The devices were fabricated on a 1–10 Ω cm p-type natural silicon substrate. The substrate was prepared via a series of high-temperature anneals, up to 1,100 °C, followed by a controlled cooling to 330 °C, resulting in a (2 × 1) reconstructed surface. The substrate was then terminated with atomic hydrogen, which can be selectively desorbed using the STM tip, leaving a hydrogen lithographic mask representing the device. After STM lithography, the substrate was exposed to a phosphine (PH3) precursor gas, in which phosphorus was absorbed and incorporated, at 350 °C, into the exposed areas. The device was then encapsulated with 40 nm of natural silicon using molecular beam epitaxy at a rate of about 0.125 nm min−1. A more detailed description of STM hydrogen lithography and the further device processing to electrically contact the device can be found in refs. 42,43,44.

### Experimental measurement setup

The electrical measurements were performed at millkelvin temperatures inside a dilution refrigerator. The two devices were measured in different fridges. Device I was measured in a fridge with a base temperature of about 10 mK, and device II was measured in a fridge with a base temperature of about 100 mK. Extended Data Fig. 1 shows a schematic of the electrical connections to the device. To perform the measurements, voltage sources were connected to the source and gates, to control their chemical potentials, and the transport current was measured through the drain.

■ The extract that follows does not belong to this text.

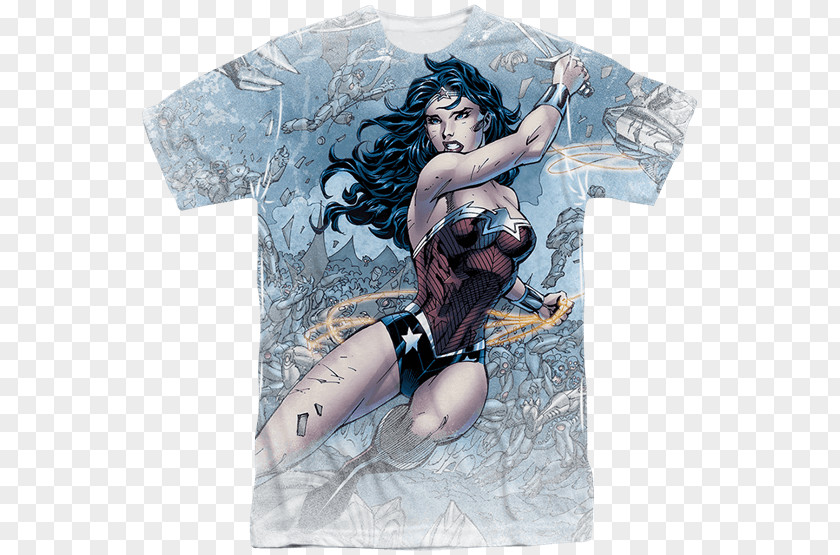 Woman Warrior T-shirt Wonder Steve Trevor Flash Superhero PNG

The drain current was amplified and converted to a voltage signal using a FEMTO variable-gain low-noise current amplifier DLPCA-200 with a low-pass 10-Hz filter. The filter signal was then digitized using a National Instrument data acquisition box (NIDAQ). The voltage sources used for the two devices were different. For device I, the source voltage was generated by the auxiliary of a Stanford Research Systems SR830 DSP lock-in amplifier and 1/50 room-temperature resistive-voltage divider, whereas the gate voltages were generated by two NIDAQs. Device II was measured on a different dilution refrigerator and had a different experimental setup. The source voltage was generated by a NIDAQ and a 1/50 room-temperature resistive-voltage divider. Gates 1, 2 and 3 voltages were also generated by the NIDAQ, whereas gates 4, 5 and 6 voltages were each generated by a Yokogawa 7651 programmable d.c. source. The different voltage sources used to measure the different devices should not affect the measurement results in a fundamental way.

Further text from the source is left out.